Highlighting: “Aleinu: The Power and the Pride” by Yisroel Besser. Mesorah Publications Ltd. 2024. Hardcover. 240 pages. ISBN-13: 978-1422641767.
יַכִּֽירוּ וְיֵדְֿעוּ כָּל יוֹשְֿׁבֵי תֵבֵל. All the world’s inhabitants will recognize and know…
(Courtesy of Artscroll) The Mishnah (Avos 4:4) says that when it comes to the aveirah of chillul Hashem, a shogeig, one who sins inadvertently, is considered to be the same as a meizid, one who sins intentionally. Why should this be the case, in contrast to the rest of the Torah?
Rav Yitzchak Dovid Gutfarb would use a story to explain this, telling of a factory owner from Yerushalayim who dispatches a trusted employee to go pick up a new piece of equipment from the unloading docks in Haifa. The owner parts from his employee, wishing him a safe trip and telling him to send regards to his cousin who lives in Haifa.
The employee sets off spending his day in the coastal city. The next morning, he returns to work and the boss eagerly asks where the new item is. The employee explains that he didn’t get to pick it up from the dock because he got busy enjoying the sights while in Haifa.

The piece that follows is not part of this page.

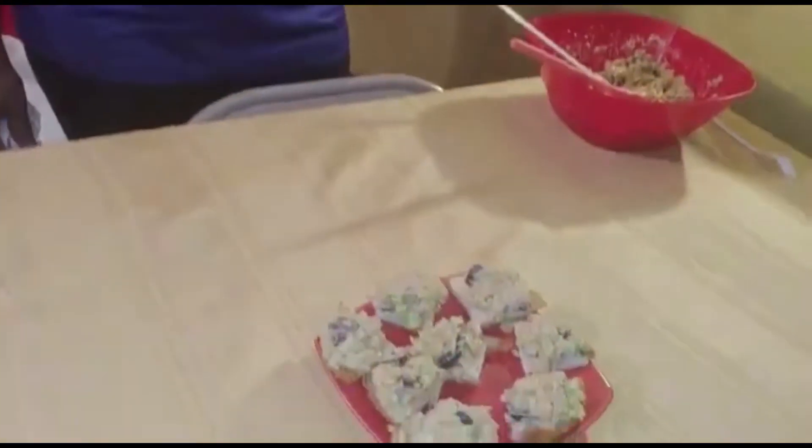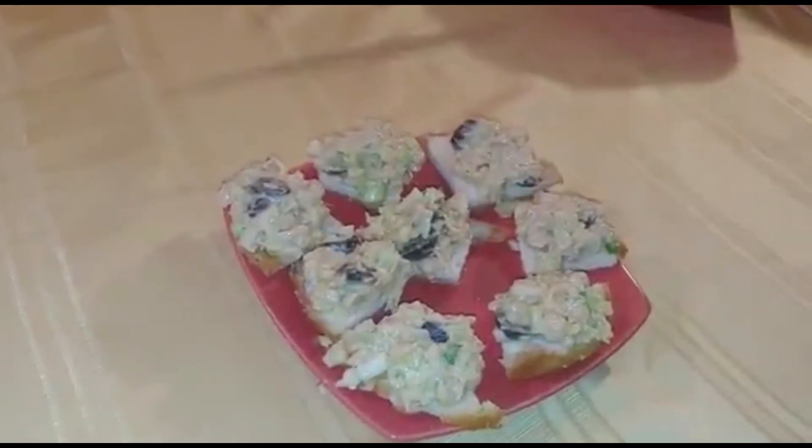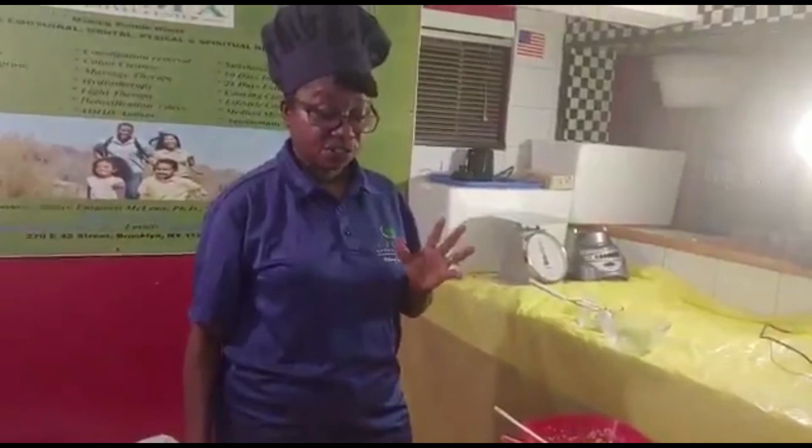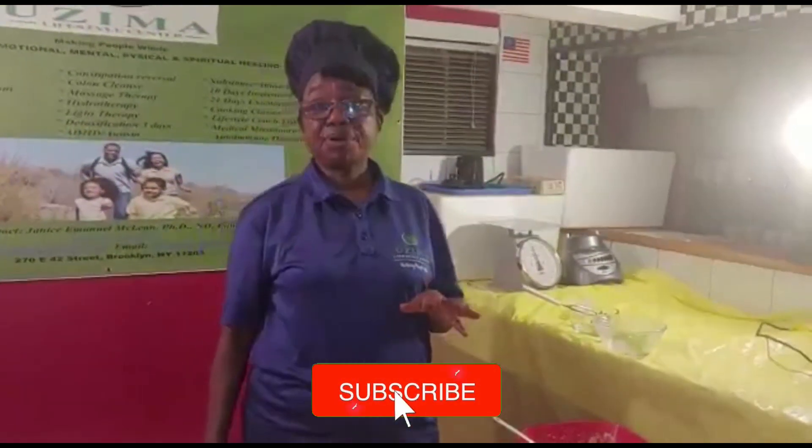Very simple, very straightforward. I trust that you will try this recipe. Leave a comment on our page and let us know how yours came out. Remember, our goal is to eat for optimal health, remembering that our body is God's temple. Thanks so much for joining us — looking forward to seeing you in the next two weeks. God bless you.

“But don’t worry,” he says brightly, “I did get to give over regards to your cousin, so the trip was a success!”
The factory owner is incensed. “The purpose of your trip to Haifa was to pick up the equipment, and the regards to my cousin was just an afterthought because you were going there anyhow,” he tells his foolish employee. “Had you come back with the equipment and forgotten to give the regards, that would have been fine, but to come back with just the regards is to have totally missed the point!”
A person comes into this world for a purpose: to bring honor and glory to Hashem’s Name. That is the point of the mission, as the pasuk says: kol hanikrah vishmi vilichvodi birasiv yitzartiv af asisiv — Everyone who is called by My Name, and whom I have created for My glory, whom I have fashioned, even perfected “(Yeshayah 43:7).
To be in this world and use that opportunity to desecrate the Name of Hashem, even if it was b’shogeig, inadvertent, defeats the very purpose of Creation.
A Yid lives with a mission at every moment of every day, and that is to proclaim, with his every action, that there is a Creator in the world.